The former would definitely not be complete for MOM6 until all parameter use and combinations are covered (ever?).

The latter relies on static code analysis (I believe grep counts if you’re skilled with -E :wink: ). Could you easily determine all the parameters and their default values with a proper FORTRAN linter (like flint or flint)?

I waved my hands a bit when I said

  • Make model output default values, and include these as a special experiment

which it sounds like wouldn’t work for MOM6 as it currently works, but is also a laudable goal as it is super useful to determine when parameters deviate from the default.

Having a system where user-settable parameter defaults are defined in a file which is either read at run-time, or used to generate code at compile time (like spud?) would make discoverability a lot easier.

Peripherally related: wasn’t familiar with TOML and for others in the same boat this is a great explanation of how TOML and YaML differ, use cases and their strengths and weaknesses.

That’s right. Being able to also reverse from a database to a configuration is probably good for most cases, but knowing the full set of available parameters is a slightly different problem. I guess part of this is also knowing what the parameters do. I suppose for MOM5, it’s probably possible to point to some section of the book, but at least a documentation string for the parameter would be more useful than its configuration key in the model.

Possibly a combination of both? Clearly for the majority of your proposed uses, you want to see what was used for the actual run. Perhaps my point was that given we’d be resorting to hunting for parameters in the code, why not change the code to be friendlier for discoverability, while not necessarily affecting existing workflows. This could also help to avoid possible issues: currently, the docstring for a parameter is provided when you request that parameter. If you request the same parameter from different modules, you should make sure you’re documenting it in the same way, or that updates to this documentation are synchronised.

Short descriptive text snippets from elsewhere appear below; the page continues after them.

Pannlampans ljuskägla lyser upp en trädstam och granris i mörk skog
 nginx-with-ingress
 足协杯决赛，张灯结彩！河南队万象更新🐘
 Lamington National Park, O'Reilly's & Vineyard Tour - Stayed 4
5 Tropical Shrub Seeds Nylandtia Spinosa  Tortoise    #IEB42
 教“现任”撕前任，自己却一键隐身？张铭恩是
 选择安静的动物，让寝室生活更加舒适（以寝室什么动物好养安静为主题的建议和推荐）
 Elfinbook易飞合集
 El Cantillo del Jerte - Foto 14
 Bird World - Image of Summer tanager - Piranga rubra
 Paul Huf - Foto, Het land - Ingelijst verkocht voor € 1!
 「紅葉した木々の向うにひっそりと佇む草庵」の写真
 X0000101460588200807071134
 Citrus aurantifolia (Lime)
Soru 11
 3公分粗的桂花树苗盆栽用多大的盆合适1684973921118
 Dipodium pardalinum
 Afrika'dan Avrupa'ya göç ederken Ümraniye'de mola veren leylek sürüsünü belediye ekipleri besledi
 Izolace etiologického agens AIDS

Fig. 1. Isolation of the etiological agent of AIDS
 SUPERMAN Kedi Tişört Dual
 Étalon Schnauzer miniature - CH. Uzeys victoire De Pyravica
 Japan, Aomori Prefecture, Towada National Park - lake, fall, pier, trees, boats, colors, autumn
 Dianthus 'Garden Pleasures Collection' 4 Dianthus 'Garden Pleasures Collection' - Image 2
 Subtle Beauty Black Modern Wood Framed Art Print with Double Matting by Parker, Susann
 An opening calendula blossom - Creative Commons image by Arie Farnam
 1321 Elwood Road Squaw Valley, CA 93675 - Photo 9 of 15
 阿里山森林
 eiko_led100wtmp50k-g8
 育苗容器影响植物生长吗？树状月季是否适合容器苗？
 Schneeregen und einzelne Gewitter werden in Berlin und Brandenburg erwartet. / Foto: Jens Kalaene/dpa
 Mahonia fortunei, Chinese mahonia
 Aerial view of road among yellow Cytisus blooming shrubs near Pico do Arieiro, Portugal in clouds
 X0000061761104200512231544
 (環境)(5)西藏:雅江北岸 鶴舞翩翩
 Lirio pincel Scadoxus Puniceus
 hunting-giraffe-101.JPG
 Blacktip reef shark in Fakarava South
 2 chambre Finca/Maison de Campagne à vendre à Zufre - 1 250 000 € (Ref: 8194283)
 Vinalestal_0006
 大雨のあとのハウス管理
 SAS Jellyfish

Do you mean to use this as a mechanism for querying the default values? I guess at least MOM6 has the advantage of including these defaults in the MOM_parameter_doc.all (as opposed to the MOM_parameter_doc.short, which only includes those parameters which deviate from the default). I feel like something along these lines should be included as a baseline in a model: you want to know what parameters were actually used in all cases!

1 Like

Definitely. At the very least reverse-engineering the parameters from the run outputs will be required to document a run unless the engineering to set the parameters also spits out some nice machine-readable parameter file (entirely possible and desirable as you say).

This is also model dependent. New models that are still being actively developed would definitely be a target for modifications such as this (MOM6, CICE6), but the case for doing this for mature models in maintenance mode (MOM5, CICE5) is not so strong. So a reverse-engineered solution might be the right one in that case.

Yep.

Absolutely. So what I was suggesting is redundant for MOM6, but the older models might benefit from something like that.

FURIOUS AGREEMENT!

1 Like

Agreed that this would be a useful capability to have, if it can be done without inordinate effort. Model inputs (e.g. hashes from manifests) could also be useful to have in a DB, as would information on run resource use.

I’ve made attempts in this direction (detailed below), but a DB would make this sort of info easier to make use of.

nmltab can do this for namelist files, and was used to decide on the parameters used in ACCESS-OM2 and tabulate differences between experiments in the appendices of the draft ACCESS-OM2 tech report

run-summary uses nmltab to track nml parameter changes automatically (e.g. the rightmost columns here). It also collects run resource use information, which has been useful for performance and scaling testing.

However these give an incomplete picture as they’re based on nml input files and don’t include the default values. Also some parameters are subject to a master switch that can make their values irrelevant.